Abstract
Background:
Monoamine oxidase (MAO) inhibitors can interact with selective serotonin reuptake inhibitors (SSRIs)/serotonin–norepinephrine reuptake inhibitors (SNRIs). There is clinical interest surrounding use of ozanimod with SSRIs/SNRIs because the major metabolites of ozanimod are weak inhibitors of MAO-B in vitro.
Objective:
To evaluate the incidence of treatment-emergent adverse events (TEAEs) potentially related to serotonin accumulation (SA) during concomitant ozanimod and SSRI/SNRI use by performing analyses of data from an open-label, oral ozanimod 0.92 mg trial (DAYBREAK; NCT02576717).
Methods:
SA narrow (serotonin syndrome, neuroleptic malignant syndrome, and hyperthermia malignant) and broad (terms potentially associated with SA) MedDRA v24.0 searches were performed using TEAE data from participants with relapsing multiple sclerosis who entered DAYBREAK from phase 3 studies (cutoff February 1, 2022).

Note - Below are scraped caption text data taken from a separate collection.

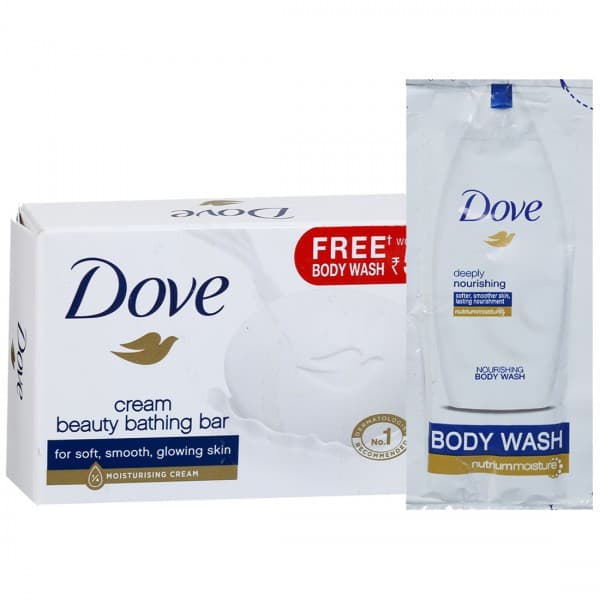 Dove Cream Beauty Bathing Bar (Free Body Wash 9 ml) 50 g
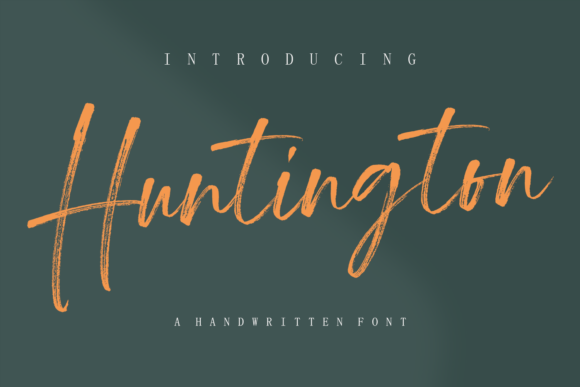 Huntington: A Handwritten Font for Crafters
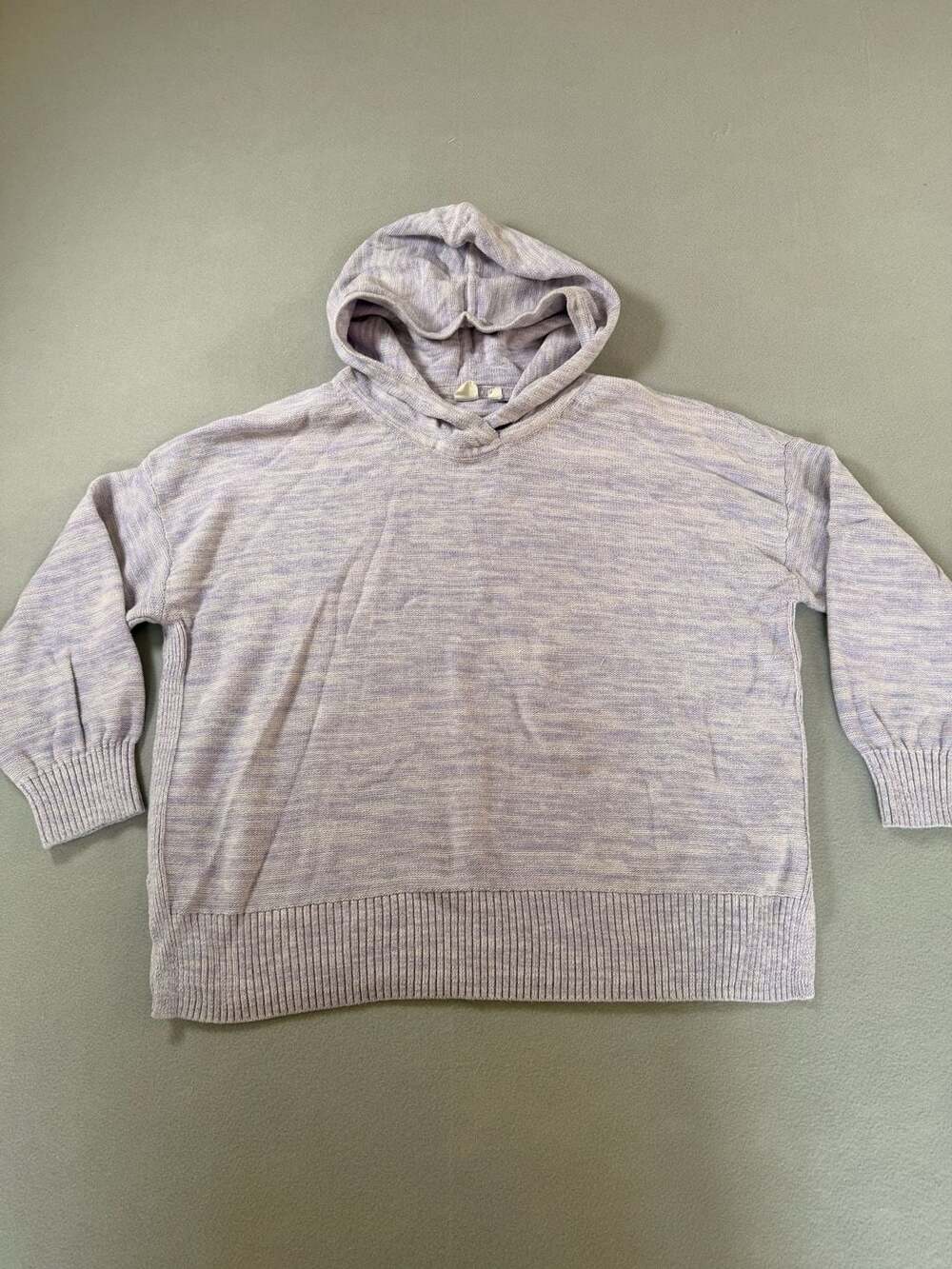 Gap Women's Lavender Heathered Knit Pullover Hoodie Sweater
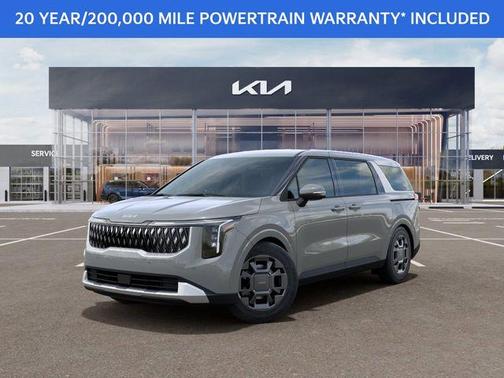 Ceramic Silver 2026 Kia Carnival Hybrid EX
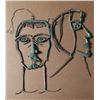Image 1 : Two Modern Heads, Copper and Wire Sculpture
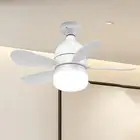 Screw in Ceiling Fan with Light, E27 Socket Fan Light Modern Silent Easy to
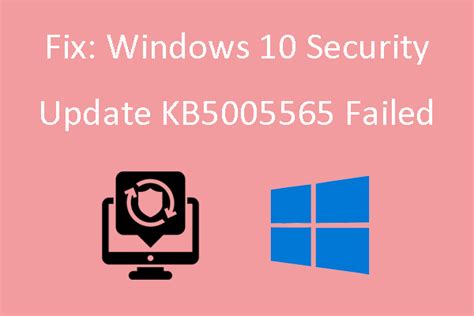 windows 10 security update error fix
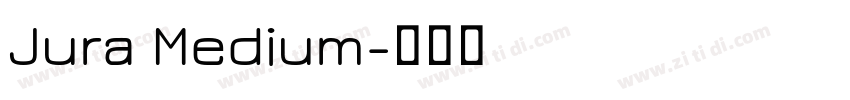 Jura Medium字体转换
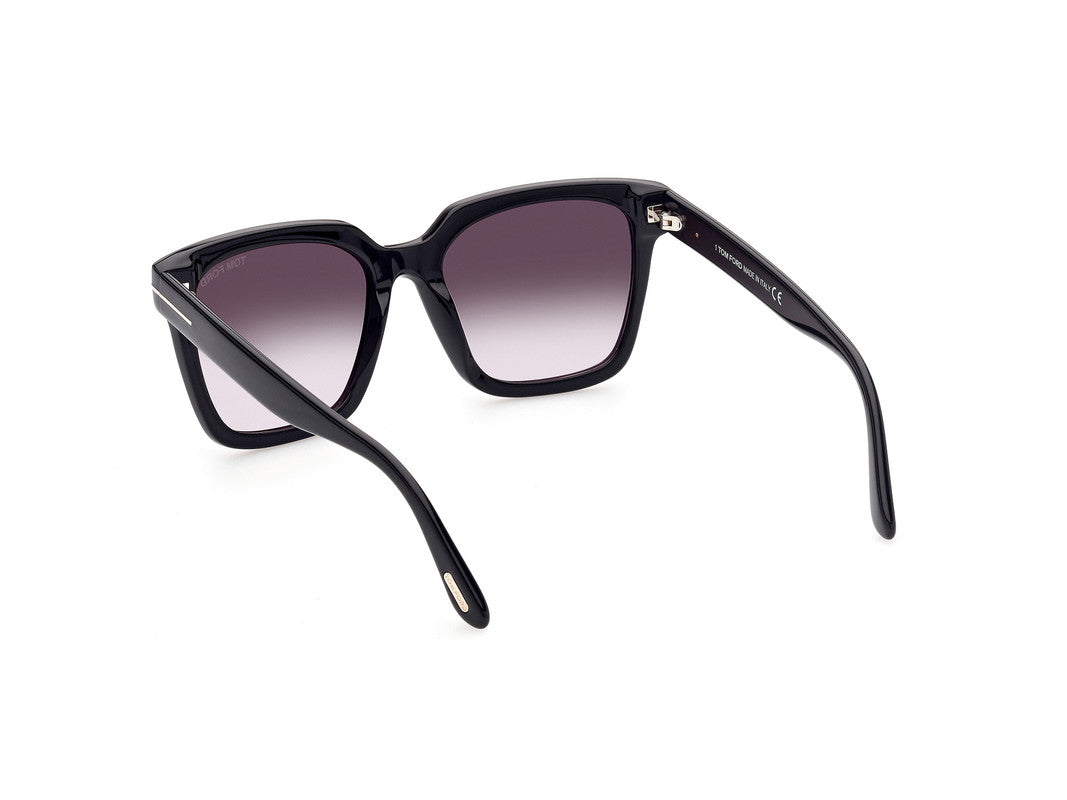 Shiny Black Female Sunglasses Tom Ford 889214297686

Incidences of TEAEs matching terms from each search were stratified by SSRI/SNRI use.
Results:
Of 2257 DAYBREAK participants, 274 (12.1%) used an SSRI/SNRI. No participants had TEAEs matching the SA narrow search terms. There was no significant difference in the percentage of participants with ⩾1 TEAE matching the SA broad search for those on versus off SSRIs/SNRIs (on: 12.4%, n = 34/274; off: 15.6%, n = 310/1982, nominal p = 0.1630).
Conclusion:
MedDRA searches showed no increase in TEAEs potentially associated with SA with concomitant SSRI/SNRI and ozanimod use.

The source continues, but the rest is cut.